Notably, Google previously prohibited that type of conduct; now, Google declines to investigate trademark abuse in keywords; they will continue to investigate it in the text (or graphics) of advertisements.

Applying the Milwaukee Court judge’s logic, there’s little reach from keywords in search engine campaigns to keywords in metadata on a website, and then only a short reach to other forms of trademark infringements.

Sigma’s words of wisdom:
1. Your main website is on a ‘.com’; at minimum, you should also own the lease on the .net version, and may want to include other top level domain leases, such as .org, .biz. Ensure that you own the license for domains that depict your trade names, such as:
a. YourFullLegalName.com and .net (e.g. ChristopherTVanWagner.com, .net)
b. YourCommonName.com and .net (e.g. ChrisVanWagner.com, .net)
c. YourFirmsLegalName.com and .net (e.g. VanWagnerWoodSC.com, .net)
d. YourFirmsCommonName.com and .net (e.g. VanWagnerAndWood.com, .net)
e. YourFirmsMarketedName.com and .net (e.g. VanWagnerWood.com, .net)
2. Remember that keyword-intensive domain names (e.g. trademark-attorney.com) fail trademark protection rules

How did Cannon achieve getting their advertisements to display when people were searching for a Habush firm attorney?
Cannon setup numerous pay-per-click campaigns in the various search engines. They then selected the names of the attorneys at Habush and the Habush law firm name as keywords to trigger the campaign’s advertisements. They expanded their breadth of exposure to include all search engines and networks. When a search was conducted on the search engines for Habush’s firm or an attorney there, Cannon’s ads displayed. Cannon’s ads linked to Cannon’s websites.

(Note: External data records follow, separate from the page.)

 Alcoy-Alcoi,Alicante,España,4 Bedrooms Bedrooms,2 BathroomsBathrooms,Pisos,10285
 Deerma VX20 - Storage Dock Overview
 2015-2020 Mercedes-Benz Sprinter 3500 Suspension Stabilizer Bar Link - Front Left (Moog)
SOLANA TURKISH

Previously, search engines monitored the use of trade names and trademarks in two ways: in keywords and in ad text; they prohibited trademark infringement by prohibiting the use of trademarks and trade names without permission, and stated that they would close paid campaign accounts for violations. Those protections have changed. Google, for example, no longer will investigate the use of a trade name or trademark as a keyword.

Response to ABA Journal comment by Pul-lease:
The comment condemns Habush for having not thought of this first.
The court said that both parties came with unclean hands.

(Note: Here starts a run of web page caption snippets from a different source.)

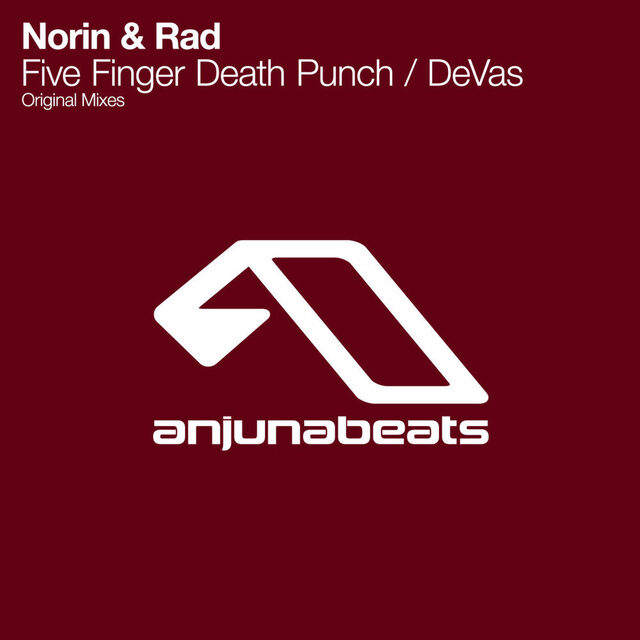 Norin & Rad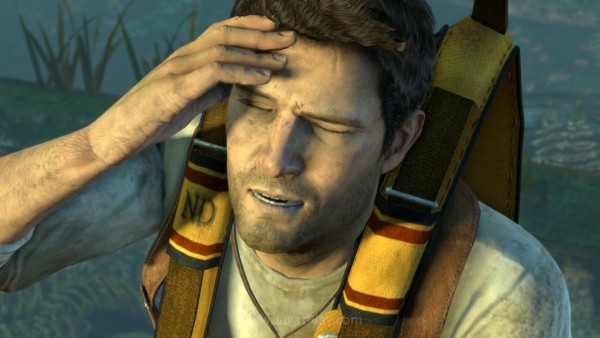 Uncharted_ The Nathan Drake Collection™_20151009011956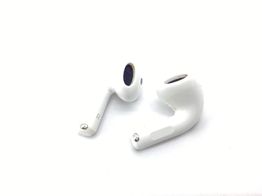 in ear apple airpods 4 gen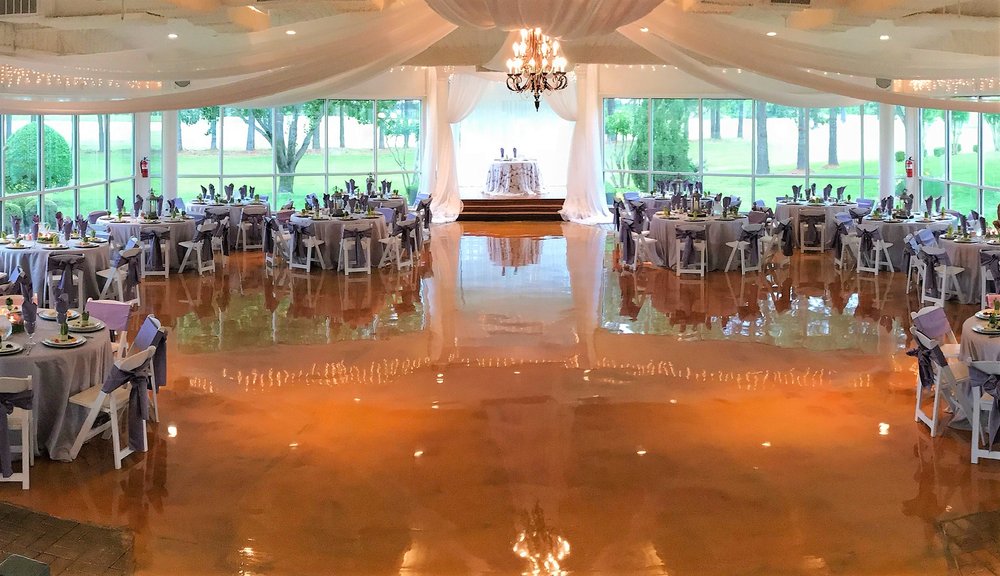 image of business Coat My Slab Epoxy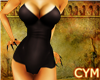 Cym Pantha Power Wear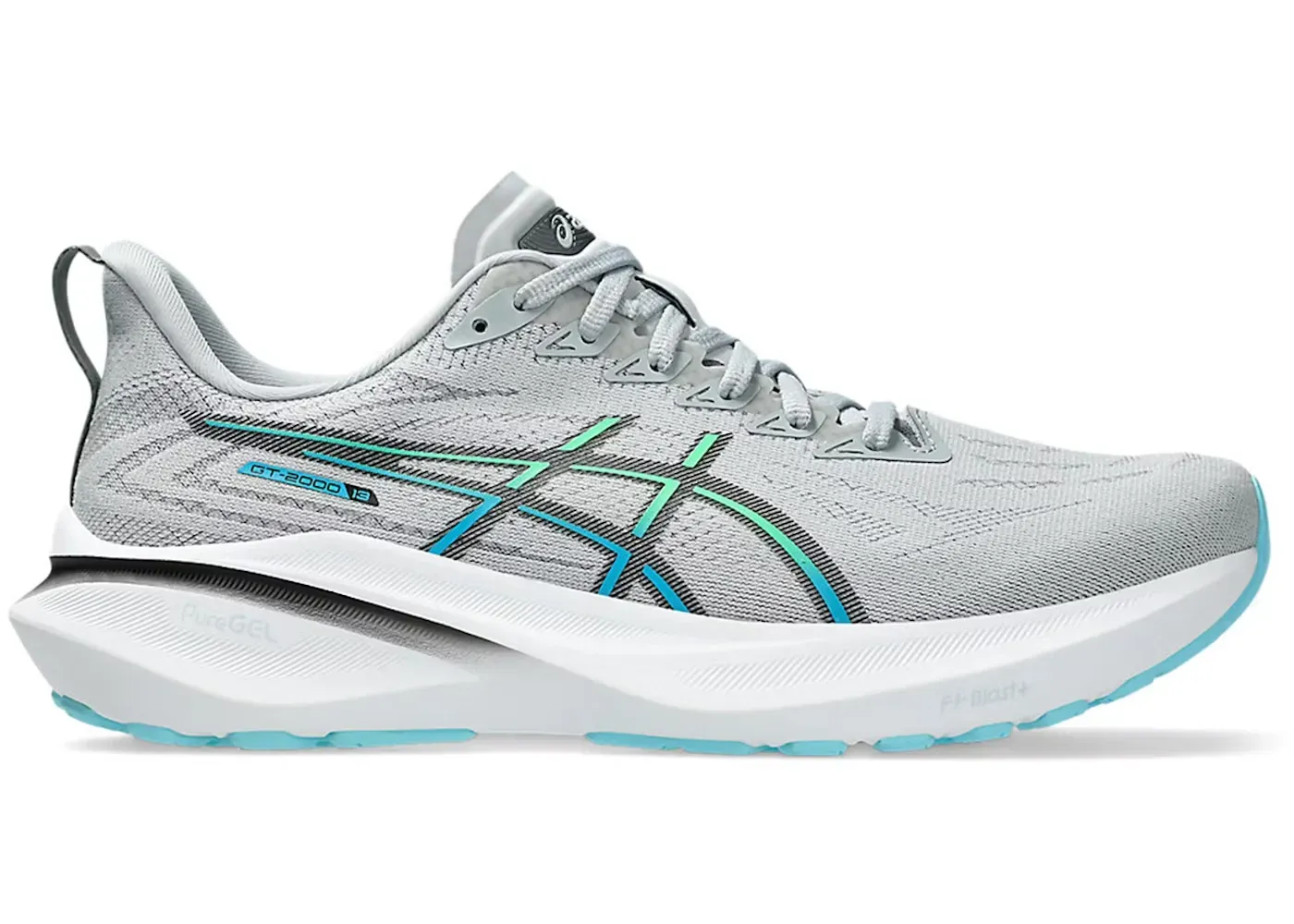 ASICS GT-2000 13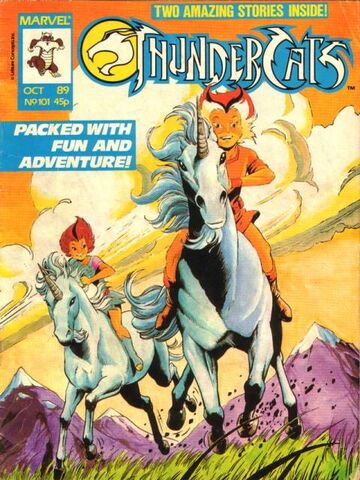 File:MarvelUK 101.jpg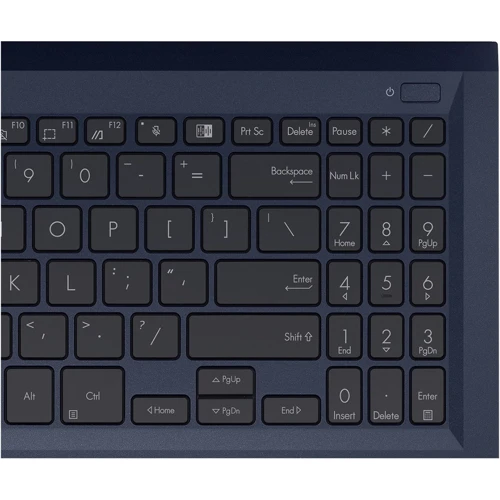 Ноутбук ASUS ExpertBook B1 B1500CEAE (B1500CEAE-BQ1698R) RB фото 21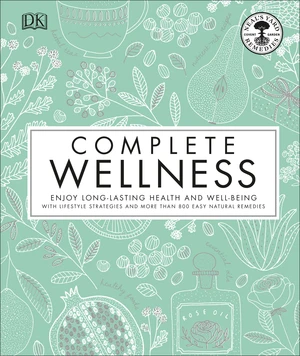 Complete Wellness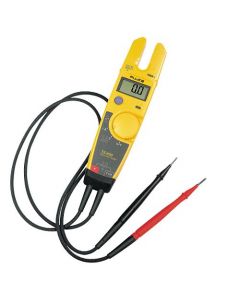 Fluke t5600usa T5-600 Multimetro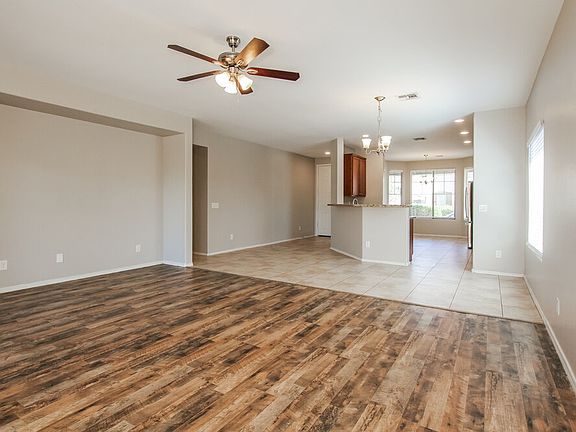 4th image of 23851 W Gibson Ln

The comment continues to condemn Habush for having failed to buy his rights to the name keywords to prevent Cannon from directly targeting them.
In pay-per-click programs, the rights to keywords cannot be bought out. Pay-per-click programs use keywords for bidding purposes. Notably, the rights to keywords also cannot be bought in organic results.

We’re hopeful of a reversal on appeal; in the meantime, it’s a free for all on your names… keep a watch, please.

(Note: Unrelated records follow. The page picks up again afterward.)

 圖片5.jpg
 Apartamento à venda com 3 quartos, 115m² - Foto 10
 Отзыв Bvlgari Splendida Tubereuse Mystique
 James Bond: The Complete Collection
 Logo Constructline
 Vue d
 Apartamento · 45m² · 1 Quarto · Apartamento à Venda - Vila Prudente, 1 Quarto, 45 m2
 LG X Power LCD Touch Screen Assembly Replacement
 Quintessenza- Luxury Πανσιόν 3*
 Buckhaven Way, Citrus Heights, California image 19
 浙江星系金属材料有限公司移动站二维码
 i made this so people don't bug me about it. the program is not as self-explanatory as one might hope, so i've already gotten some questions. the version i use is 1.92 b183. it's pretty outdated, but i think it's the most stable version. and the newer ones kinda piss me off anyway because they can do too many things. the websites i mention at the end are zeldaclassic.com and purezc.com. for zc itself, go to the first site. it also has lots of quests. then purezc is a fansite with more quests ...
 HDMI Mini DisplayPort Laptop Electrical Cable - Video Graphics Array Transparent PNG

Sidebar – We disagree with the Milwaukee Court judge; his rationale fails. We also find Cannon & Dunphy’s behavior deceptive and underhanded. Since the court commented that both plaintiff and respondent came with unclean hands, we’ll note that we don’t condone either party’s actions along this vein. Cannon & Dunphy’s campaign was run by a relative of the one of their attorneys (Halloran); Habush’s campaign was run by the Search Engine Guys.

Fowled Rationale, Judge: He found that buying a competitor’s name as a keyword in a pay-per-click campaign paralleled placing an advertisement in the yellow pages, both pitting one firm against another side-by-side. Yellow page headings are generic (e.g. Attorney or a subheading, Personal Injury). Generic keywords such as attorney or personal injury would parallel the placement in a yellow pages book, but specific headings such as ‘Robert Habush’ or ‘Dan Rottier’ do not.

The judge relied on advertising rules that provide that advertisements may not mislead a consumer wrongfully (such as to place, person, product, time or price). Habush sued for invasion of privacy. Next, the judge concluded that a savvy online software shopper wouldn’t be mistaken. Last I read the reasonable person test, Mr./Mrs. Reasonable Person weren’t software shoppers. If we take that a step further, the fact remains that the majority of Internet users are common consumers. Lastly, the judge determined that folks wouldn’t be confused by reaching Mr. Halloran’s profile when looking for Mr. Habush's profile, for example. Perhaps a poll would help.

Our best wishes to Mr. Habush on his appeal.